Bergen: You mean before?

Yardley: Yes. I don't think so. And the guys that weren't telling are not very trustworthy guys. I knew them and I didn't care for them much. They were lower levels in the Marshall organization. But even Jerry [unclear], who I've got a lot of respect for and he's a great guy, he was the program manager for the solid boosters, he said, "[Unclear] shouldn't pull they off. I mean, that's not a real problem there." I just can't understand it. I guess people don't want to believe in their own hearts that they had this problem and they didn't do something about it. I'll probably edit all that stuff out, but it may shed some background [unclear].

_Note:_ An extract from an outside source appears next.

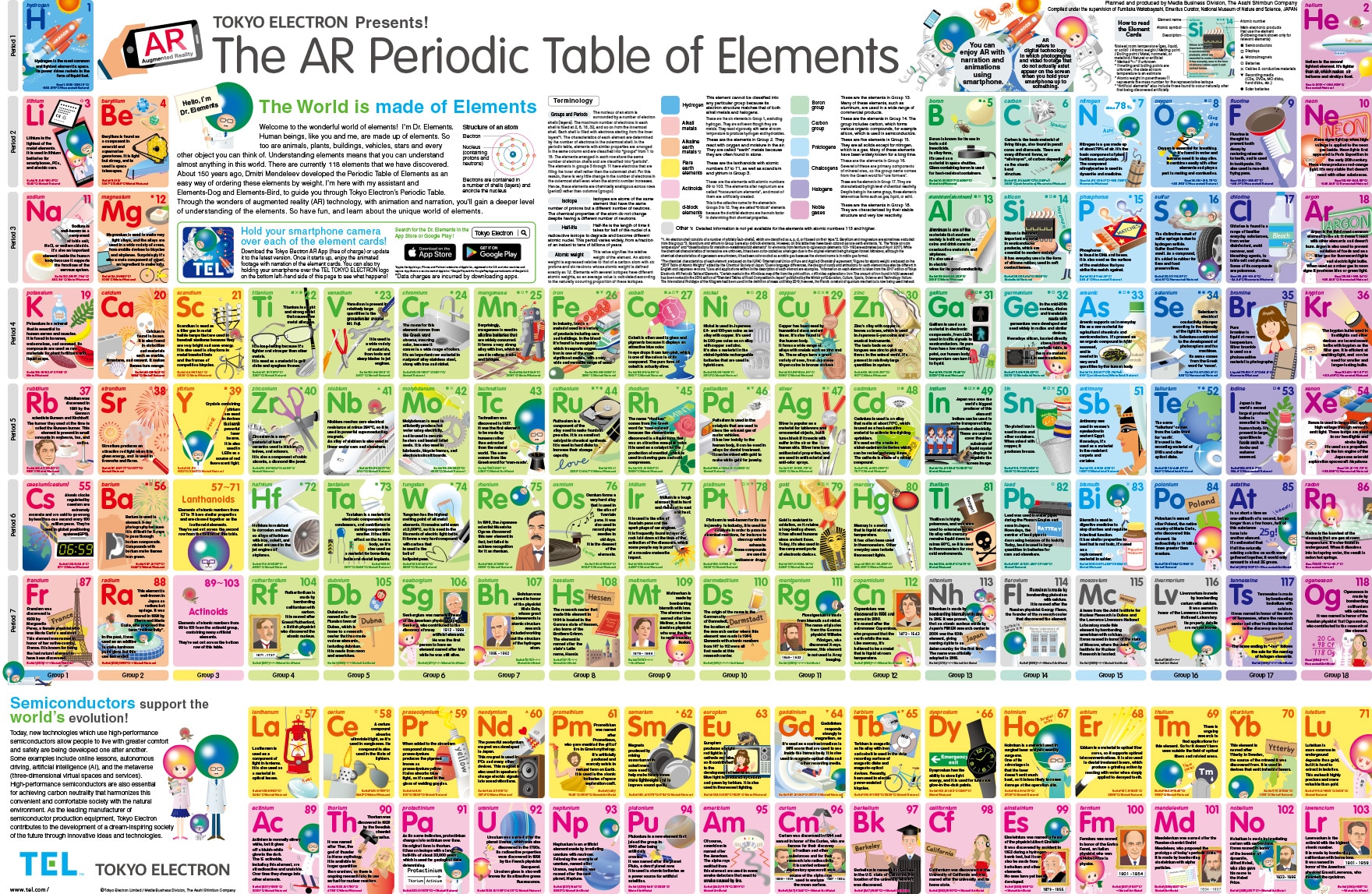 periodic-table-of-elements-2018-pdf-tutorial-pics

They didn't put George Hardy on [unclear]; they put J. R. Thompson. I don't know if you knew J. R. Thompson. Well, he was the project engineer for Marshall on engines, a bright guy, and he went in and started his tests and everything and got the thing fixed. Which brings up another subject with J. R. He was a great guy, but he was the consummate engineer, and he had a counterpart at Rocketdyne, who was a [unclear] personnel, and they wanted the best engine in the world. They'd blow that thing up down at Mississippi, they'd find what the problem was, and they'd fix that, but they'd do something else. They say, "Let's make this improvement."

They kept improving it, and they kept blowing it up, and I finally said, "J. R., I don't want any more improvements unless you run it by me," because they were doing things that were nutty, and I wanted to start testing that thing so it would tell us what's going to work on it. [Unclear] diddling around, they didn't have a failure. We tested to 104 percent, and they all went, and went through the whole qual program, and it flew for the first ten flights. But these engineers are never happy. They want to make it better. Now, I shouldn't say that, because I'm an engineer, but I'm not at the level I'm making these changes. [Laughter] J. R.'s a good guy, and so is Hardy, but I think Hardy was way off base to say that the facts that we had available weren't sufficient to cause us any alarm, because they were there. The fact that they all added together is not going to happen too often, and that's why we had, I guess, twenty good flights or twenty-five good flights or something like that before the Challenger went, because statistically they just didn't combine—the egg shape, the other things, the temperature, and so on.

Bergen: That concludes this interview.